Recorded data:
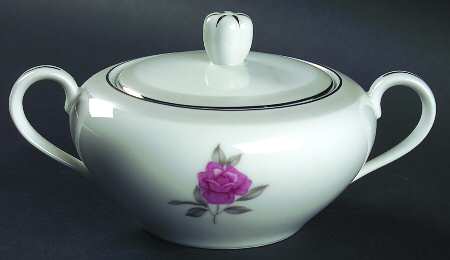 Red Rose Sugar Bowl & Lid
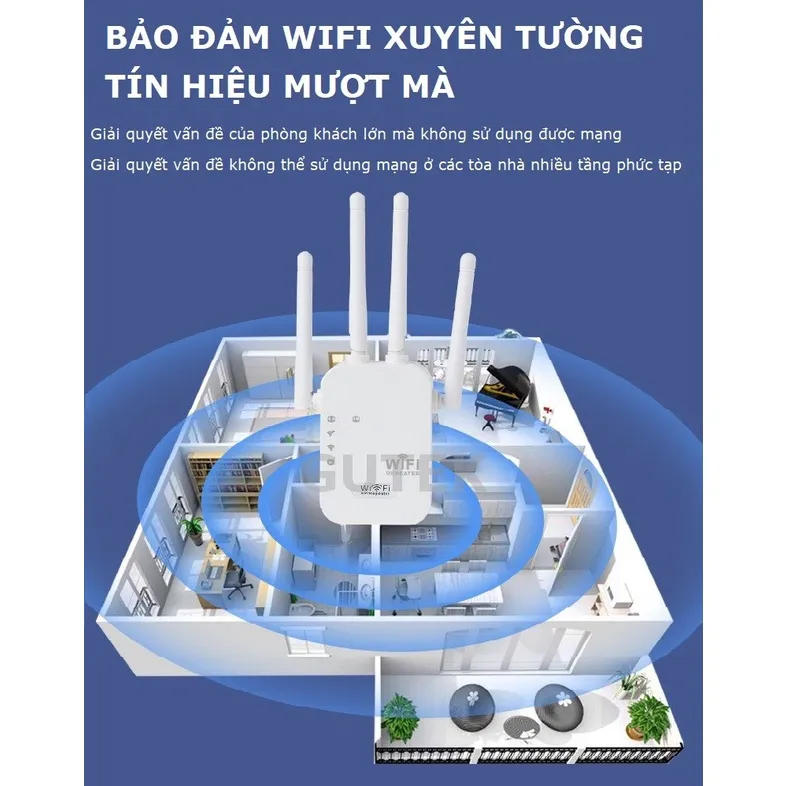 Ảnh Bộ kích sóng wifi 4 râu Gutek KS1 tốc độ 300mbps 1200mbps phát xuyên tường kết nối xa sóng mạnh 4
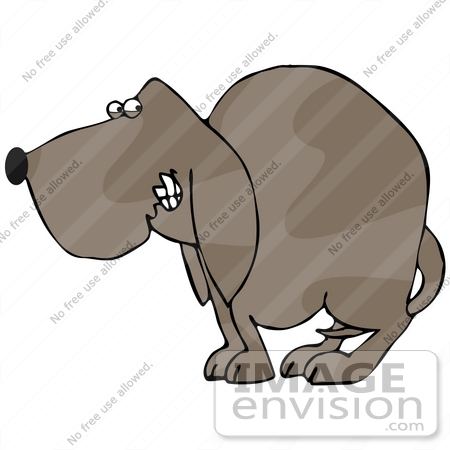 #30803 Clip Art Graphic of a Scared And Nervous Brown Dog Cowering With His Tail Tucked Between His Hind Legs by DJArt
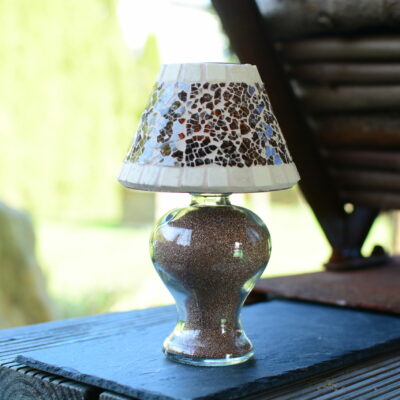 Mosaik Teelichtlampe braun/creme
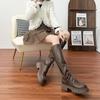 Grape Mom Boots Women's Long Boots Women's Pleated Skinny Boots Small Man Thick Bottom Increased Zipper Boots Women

WHAT YOU WILL DO: Retype the lines from the one containing "#30803 Clip Art" down to the last line of the records, both included, exactly and nothing more. Pictures stay out.

OUTPUT OF THE TASK:
 #30803 Clip Art Graphic of a Scared And Nervous Brown Dog Cowering With His Tail Tucked Between His Hind Legs by DJArt
 Mosaik Teelichtlampe braun/creme
 Grape Mom Boots Women's Long Boots Women's Pleated Skinny Boots Small Man Thick Bottom Increased Zipper Boots Women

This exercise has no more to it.